Kinshasa : Une lettre ouverte alerte le Chef de l’État sur les dérives des forces de l’ordre et l’insécurité urbaine

Une lettre ouverte adressée au Président de la République démocratique du Congo, Félix Tshisekedi, dénonce une dégradation préoccupante du climat sécuritaire dans la capitale congolaise, marquée par des accusations d’extorsions, d’arrestations arbitraires et de collusion entre certains éléments des forces de l’ordre et des bandes criminelles.


Signée par Delphin Kasongo, journaliste et porte-parole du mouvement « Défendons le Congo », la correspondance datée du 28 février 2026 interpelle directement le Chef de l’État sur ce qu’elle qualifie de « dérive mercantile » au sein des services chargés de la sécurité publique à Kinshasa.


Dans sa lettre, l’auteur évoque notamment un cas survenu dans la commune de Makala, où un citoyen aurait perdu la vie après avoir été violemment battu par des militaires. Il présente cet épisode comme le symptôme d’une impunité persistante.

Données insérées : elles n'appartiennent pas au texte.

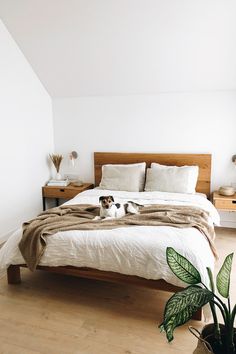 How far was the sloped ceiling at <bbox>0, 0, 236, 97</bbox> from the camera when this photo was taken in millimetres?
2875

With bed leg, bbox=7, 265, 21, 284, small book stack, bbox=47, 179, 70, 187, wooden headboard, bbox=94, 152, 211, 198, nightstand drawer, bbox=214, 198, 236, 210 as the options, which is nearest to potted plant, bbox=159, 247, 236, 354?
bed leg, bbox=7, 265, 21, 284

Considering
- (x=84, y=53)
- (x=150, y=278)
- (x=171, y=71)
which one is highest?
(x=84, y=53)

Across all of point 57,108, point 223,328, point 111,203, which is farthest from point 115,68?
point 223,328

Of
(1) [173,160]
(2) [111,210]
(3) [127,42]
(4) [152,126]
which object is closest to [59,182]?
(4) [152,126]

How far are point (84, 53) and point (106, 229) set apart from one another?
2.31 m

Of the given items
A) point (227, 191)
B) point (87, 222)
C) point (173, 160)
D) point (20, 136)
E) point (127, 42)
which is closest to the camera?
point (87, 222)

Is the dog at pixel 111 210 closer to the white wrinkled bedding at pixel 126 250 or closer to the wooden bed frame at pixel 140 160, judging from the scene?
the white wrinkled bedding at pixel 126 250

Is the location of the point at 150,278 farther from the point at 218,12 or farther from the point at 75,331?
the point at 218,12

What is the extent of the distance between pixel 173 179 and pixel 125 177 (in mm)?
610

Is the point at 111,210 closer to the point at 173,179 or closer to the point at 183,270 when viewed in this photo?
the point at 173,179

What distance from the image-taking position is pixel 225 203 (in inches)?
134

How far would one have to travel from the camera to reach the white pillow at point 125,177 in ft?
12.1

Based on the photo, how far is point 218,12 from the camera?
109 inches

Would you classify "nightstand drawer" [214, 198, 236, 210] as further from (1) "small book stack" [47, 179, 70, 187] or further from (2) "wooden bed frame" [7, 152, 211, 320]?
(1) "small book stack" [47, 179, 70, 187] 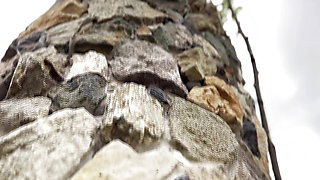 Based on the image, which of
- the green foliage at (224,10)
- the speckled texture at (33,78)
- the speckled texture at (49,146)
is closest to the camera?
the speckled texture at (49,146)

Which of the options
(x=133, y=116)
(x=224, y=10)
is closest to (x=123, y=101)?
(x=133, y=116)

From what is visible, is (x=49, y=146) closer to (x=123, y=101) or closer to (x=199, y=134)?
(x=123, y=101)

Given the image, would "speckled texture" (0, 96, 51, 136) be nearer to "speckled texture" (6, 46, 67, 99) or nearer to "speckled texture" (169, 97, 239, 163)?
"speckled texture" (6, 46, 67, 99)

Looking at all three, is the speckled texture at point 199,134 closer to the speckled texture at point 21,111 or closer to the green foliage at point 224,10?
the speckled texture at point 21,111

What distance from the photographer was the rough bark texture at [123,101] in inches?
37.5

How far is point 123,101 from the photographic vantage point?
112cm

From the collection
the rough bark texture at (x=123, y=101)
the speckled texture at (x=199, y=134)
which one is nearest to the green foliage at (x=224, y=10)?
the rough bark texture at (x=123, y=101)

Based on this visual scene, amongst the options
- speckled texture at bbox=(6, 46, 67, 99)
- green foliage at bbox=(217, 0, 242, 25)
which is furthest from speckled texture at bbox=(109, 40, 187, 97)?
green foliage at bbox=(217, 0, 242, 25)

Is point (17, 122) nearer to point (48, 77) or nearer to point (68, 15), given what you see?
point (48, 77)

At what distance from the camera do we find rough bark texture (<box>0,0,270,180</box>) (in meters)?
0.95

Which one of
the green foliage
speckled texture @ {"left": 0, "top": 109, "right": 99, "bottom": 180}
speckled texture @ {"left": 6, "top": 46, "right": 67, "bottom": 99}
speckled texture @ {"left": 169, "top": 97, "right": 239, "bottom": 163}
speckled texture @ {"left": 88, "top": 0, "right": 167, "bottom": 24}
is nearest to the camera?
speckled texture @ {"left": 0, "top": 109, "right": 99, "bottom": 180}

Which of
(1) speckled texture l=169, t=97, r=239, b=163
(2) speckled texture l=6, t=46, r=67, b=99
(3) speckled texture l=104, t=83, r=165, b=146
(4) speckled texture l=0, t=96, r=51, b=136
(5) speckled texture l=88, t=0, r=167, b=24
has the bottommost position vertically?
(1) speckled texture l=169, t=97, r=239, b=163

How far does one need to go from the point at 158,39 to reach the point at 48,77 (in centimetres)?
42

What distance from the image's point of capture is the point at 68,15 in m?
1.69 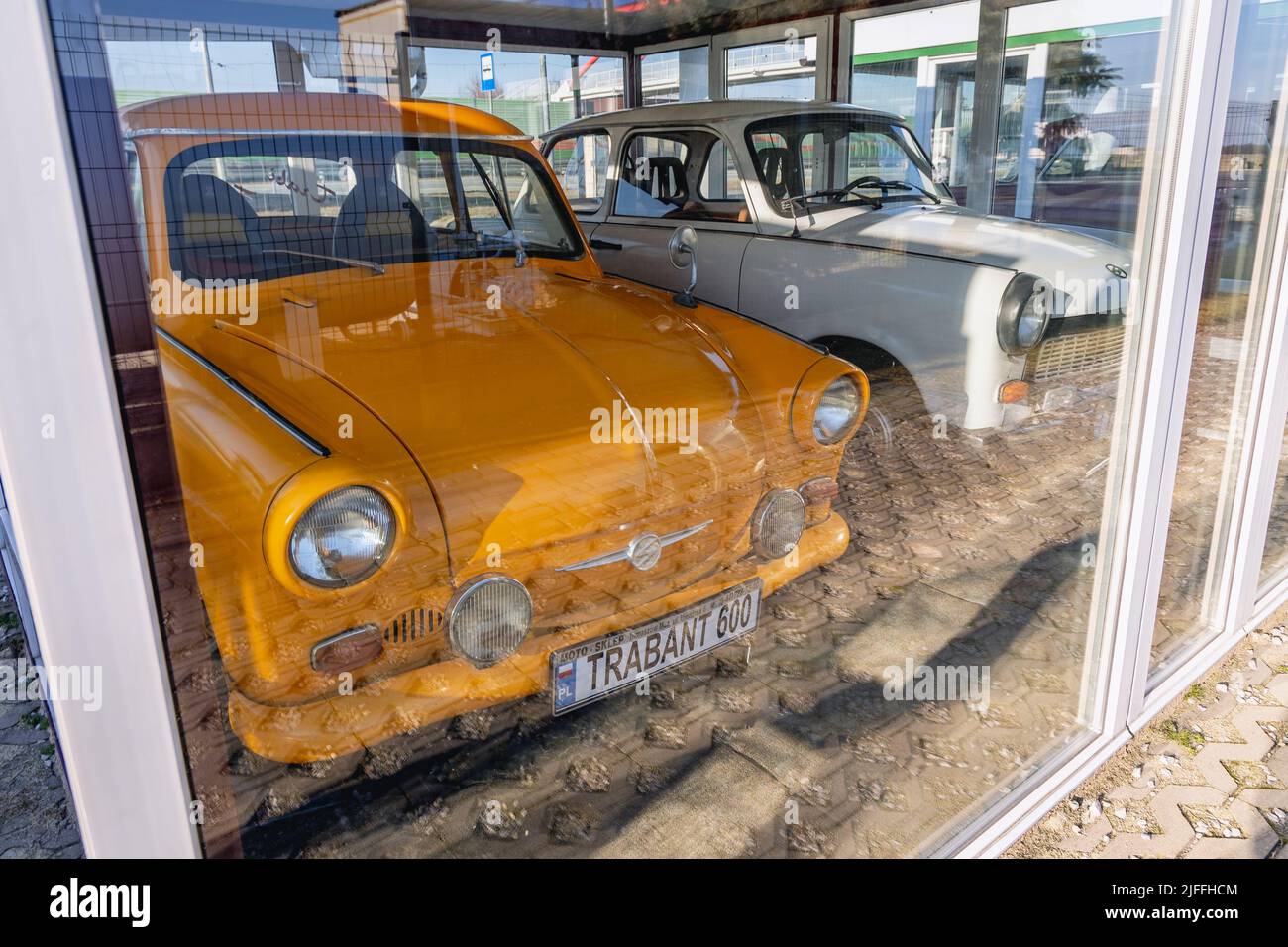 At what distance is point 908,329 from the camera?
3.54 metres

Le document fait également état d’arrestations ciblant des jeunes en raison de leur apparence physique, notamment leur coiffure ou leurs cheveux longs, dénonçant une pratique assimilée à une « chasse aux faciès ». Selon l’auteur, ces interpellations donneraient lieu à des transactions financières informelles, avec des montants de libération oscillant entre 100.000 et 200.000 francs congolais, sans procédure administrative régulière.


Ces accusations visent à la fois la Police nationale congolaise (PNC) et certains éléments des Forces armées de la République démocratique du Congo (FARDC), dont la mission constitutionnelle est d’assurer la protection des personnes et des biens.

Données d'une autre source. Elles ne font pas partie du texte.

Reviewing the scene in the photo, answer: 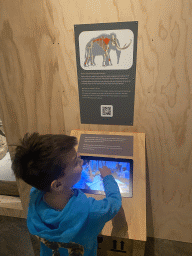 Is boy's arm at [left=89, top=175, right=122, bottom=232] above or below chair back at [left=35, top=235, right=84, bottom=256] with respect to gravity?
above

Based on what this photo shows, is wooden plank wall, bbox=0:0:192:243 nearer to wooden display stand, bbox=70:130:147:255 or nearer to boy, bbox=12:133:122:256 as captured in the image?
wooden display stand, bbox=70:130:147:255

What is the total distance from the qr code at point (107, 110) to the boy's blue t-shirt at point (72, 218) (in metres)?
0.67

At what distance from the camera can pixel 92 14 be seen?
1180 mm

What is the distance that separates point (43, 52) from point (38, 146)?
0.84 metres

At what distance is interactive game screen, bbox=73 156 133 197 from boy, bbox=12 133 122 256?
0.89ft

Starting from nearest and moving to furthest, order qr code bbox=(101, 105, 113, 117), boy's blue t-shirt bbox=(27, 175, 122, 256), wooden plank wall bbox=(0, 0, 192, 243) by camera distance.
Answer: boy's blue t-shirt bbox=(27, 175, 122, 256), wooden plank wall bbox=(0, 0, 192, 243), qr code bbox=(101, 105, 113, 117)

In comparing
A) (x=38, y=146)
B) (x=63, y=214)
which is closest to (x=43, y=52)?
(x=38, y=146)

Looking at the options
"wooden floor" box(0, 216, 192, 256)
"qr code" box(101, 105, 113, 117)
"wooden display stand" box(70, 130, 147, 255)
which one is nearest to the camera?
"wooden display stand" box(70, 130, 147, 255)

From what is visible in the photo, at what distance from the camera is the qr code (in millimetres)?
1437

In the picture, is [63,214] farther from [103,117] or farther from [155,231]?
[155,231]

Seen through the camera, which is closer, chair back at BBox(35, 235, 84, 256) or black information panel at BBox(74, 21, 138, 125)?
chair back at BBox(35, 235, 84, 256)

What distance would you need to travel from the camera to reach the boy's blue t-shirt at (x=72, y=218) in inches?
32.3

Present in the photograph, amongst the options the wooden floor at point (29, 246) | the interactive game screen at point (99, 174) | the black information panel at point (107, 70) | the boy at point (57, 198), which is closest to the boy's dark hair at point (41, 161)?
the boy at point (57, 198)

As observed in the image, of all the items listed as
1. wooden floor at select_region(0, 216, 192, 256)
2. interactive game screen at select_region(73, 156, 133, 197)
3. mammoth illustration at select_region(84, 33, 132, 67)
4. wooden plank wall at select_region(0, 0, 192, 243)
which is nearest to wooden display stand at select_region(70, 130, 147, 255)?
interactive game screen at select_region(73, 156, 133, 197)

Soupçons de collusion avec les « Kuluna »


La lettre ouverte soulève également la question sensible d’une collaboration occulte entre certains agents de sécurité et des groupes criminels communément appelés « Kuluna », responsables de nombreux actes de banditisme urbain à Kinshasa.


L’auteur dénonce une supposée utilisation de ces bandes comme éclaireurs sur le terrain, allant jusqu’à évoquer des allégations de fourniture d’armes à des civils mal intentionnés. Des accusations graves qui, si elles étaient avérées, constitueraient une rupture majeure du contrat de confiance entre l’État et les citoyens.


Autre point soulevé : la gestion des sous-commissariats, accusés d’avoir abandonné leur mission première de veille sécuritaire pour se transformer en espaces de stockage de véhicules saisis, parfois installés sur les trottoirs.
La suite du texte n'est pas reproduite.